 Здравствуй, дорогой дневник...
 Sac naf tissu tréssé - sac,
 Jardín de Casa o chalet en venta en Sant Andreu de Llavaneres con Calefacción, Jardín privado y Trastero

□ □ □ □ □ □ □

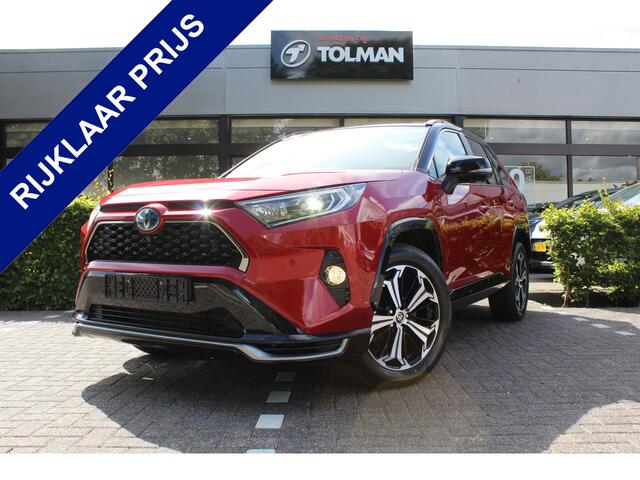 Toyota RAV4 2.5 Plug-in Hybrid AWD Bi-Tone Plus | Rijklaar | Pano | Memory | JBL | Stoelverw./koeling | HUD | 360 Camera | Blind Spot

□ □ □ □ □ □ □

Your objective
In your answer, include only the lines above starting at the line that holds "Здравствуй, дорогой дневник..." and ending at the line that holds "Jardín de Casa", copied exactly.

Exercise response
 Здравствуй, дорогой дневник...
 Sac naf tissu tréssé - sac,
 Jardín de Casa o chalet en venta en Sant Andreu de Llavaneres con Calefacción, Jardín privado y Trastero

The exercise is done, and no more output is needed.